New York Governor Kathy Hochul announced that the New York Power Authority (NYPA) Board of Trustees approved 34 ReCharge NY power allocations to 29 customers in support of more than 22,600 jobs across the state that will also spur more than $629 million in private capital investments.
The NYPA board also awarded two St. Lawrence County firms a total of $250,000 in funding support and updated NYPA’s criteria for evaluating applications for economic development power to include consideration of applicants’ impacts on diversity, equity, and inclusion (DEI) commitments.
“New York continues to lead the nation in tackling the climate crisis and expanding robust clean energy solutions,” Governor Hochul said. “The Power Authority’s economic development awards will help New York establish an energy efficient infrastructure, stimulating our economy, creating jobs, revitalizing communities across the state, and paving the way for a cleaner and greener future.”
The approved allocations of nearly 17.9 MW of low-cost power will benefit companies from every region of New York State.
ReCharge NY, which supports more than 389,000 jobs around the state and has sparked more than $19 billion in private capital investments, has encouraged companies to retain and create jobs, while stimulating capital investment throughout the state. NYPA incentivizes the investments by enterprises through power contracts of up to seven years. Half of the power — 455 MW — is from NYPA’s Niagara and St. Lawrence-Franklin D. Roosevelt hydroelectric power plants. The remaining 455 MW is power NYPA purchases on the wholesale market.
“Strengthening the economic resiliency of New York State is more important now than ever before. Statewide power allocations through ReCharge New York and funding allocations from the Northern New York Power Proceeds program supported through the St. Lawrence-FDR Power Project directly support capital investments and jobs. These power and funding awards provide clean, reliable power to customers and help secure the economic vitality of our state,” said Eugene L. Nicandri, NYPA vice chair.
The NYPA Board of Trustees granted $250,000 in awards from the Northern New York Economic Development Fund, otherwise known as the Power Proceeds program. The funding awards apply net earnings from unutilized hydropower from the St. Lawrence-FDR Power Project to St. Lawrence County businesses and institutions. The Northern New York Power Proceeds Act, passed in December 2014, allows for NYPA to deposit the net earnings from the market sale of unutilized electricity into a fund, which can then be used to support economic development projects in St. Lawrence County.
The board approved $220,000 for Atlantic Testing Laboratories in Canton, a woman-owned business enterprise (WBE) that provides quality control and quality assurance programs for construction projects, is creating four new jobs, retaining 22 more, and investing nearly $2.4 million in its drilling, fabrication and vehicle maintenance operation in St. Lawrence County. The NYPA funding will support a multi-year expansion that improves the building’s structure and makes it more functional to facilitate growth.
And the board approved $30,000 for the North Country Children’s Museum in Potsdam, which serves local families and visitors with interactive learning experiences, exhibits and weekly special programs.

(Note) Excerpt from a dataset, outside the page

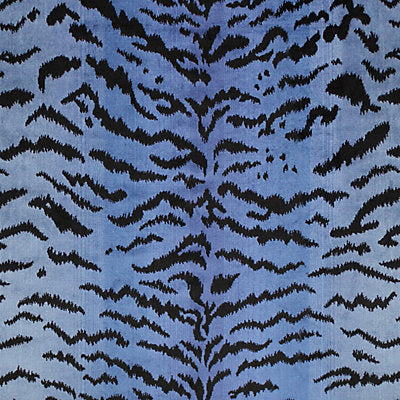 Scalamandre Fabrics , a selection of fabrics such as velvet, damask, cotton, silk, linen and sheers.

The museum will invest about $1.9 million to support an expansion to its second floor that will enable a doubling of visitor capacity.
Additionally, the NYPA board approved new criteria for evaluating applications for power under its economic development power programs to consider applicants’ efforts in supporting DEI. The consideration of an applicant’s impact on DEI is aligned with policies outlined in NYPA’s VISION2030 strategic plan to support and encourage a culture of inclusion, a diverse supplier base and a commitment to environmental justice.
The new criteria are also consistent with provisions of New York’s Climate Leadership and Community Protection Act (Climate Act) to provide state support in a manner designed to achieve a goal for disadvantaged communities to receive forty percent of overall benefits of spending on clean energy and energy efficiency programs.